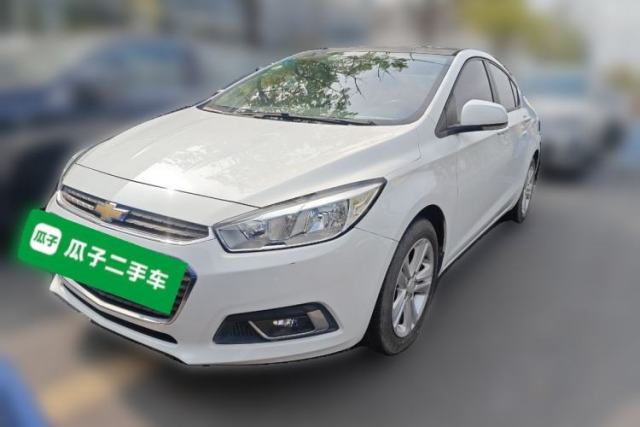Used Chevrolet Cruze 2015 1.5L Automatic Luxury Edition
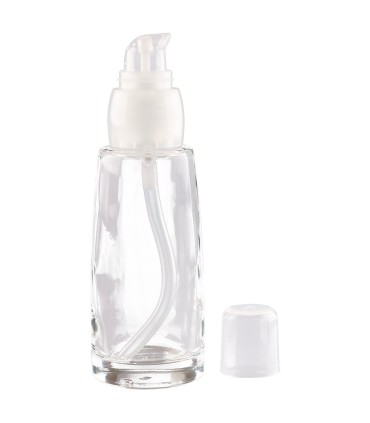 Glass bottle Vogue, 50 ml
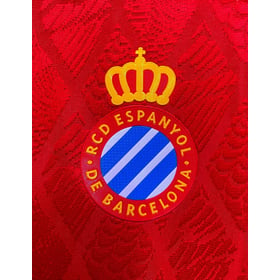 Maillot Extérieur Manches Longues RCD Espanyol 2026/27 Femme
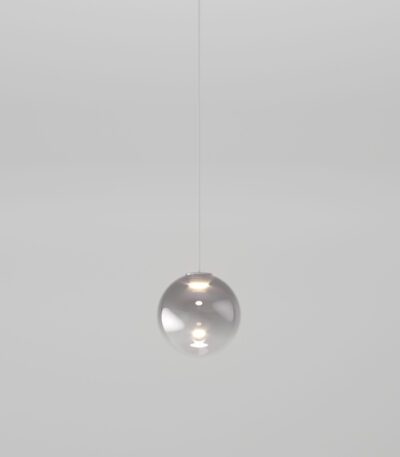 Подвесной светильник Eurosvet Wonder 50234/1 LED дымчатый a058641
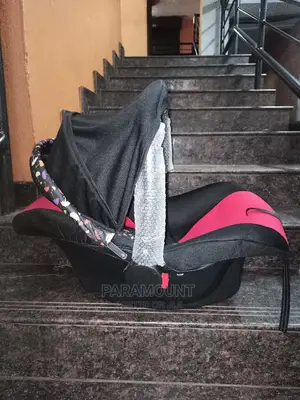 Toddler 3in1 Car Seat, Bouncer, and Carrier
...
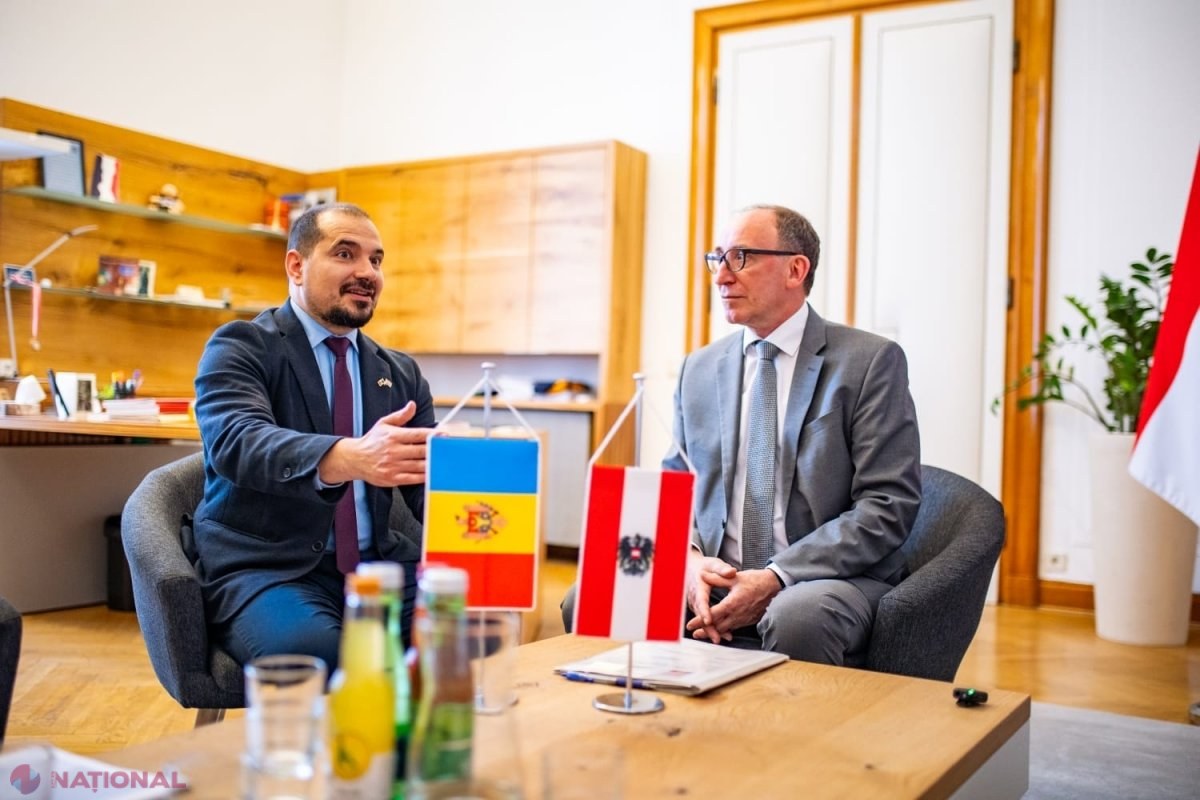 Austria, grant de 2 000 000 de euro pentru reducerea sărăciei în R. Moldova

## [THE TASK]
Copy word for word the span of the records above that begins at the line with "Glass bottle Vogue, 50 ml" and ends at the line with "Toddler 3in1 Car Seat, Bouncer, and Carrier", including those two lines but not the pictures.

## [EXERCISE RESULT]
 Glass bottle Vogue, 50 ml
 Maillot Extérieur Manches Longues RCD Espanyol 2026/27 Femme
 Подвесной светильник Eurosvet Wonder 50234/1 LED дымчатый a058641
 Toddler 3in1 Car Seat, Bouncer, and Carrier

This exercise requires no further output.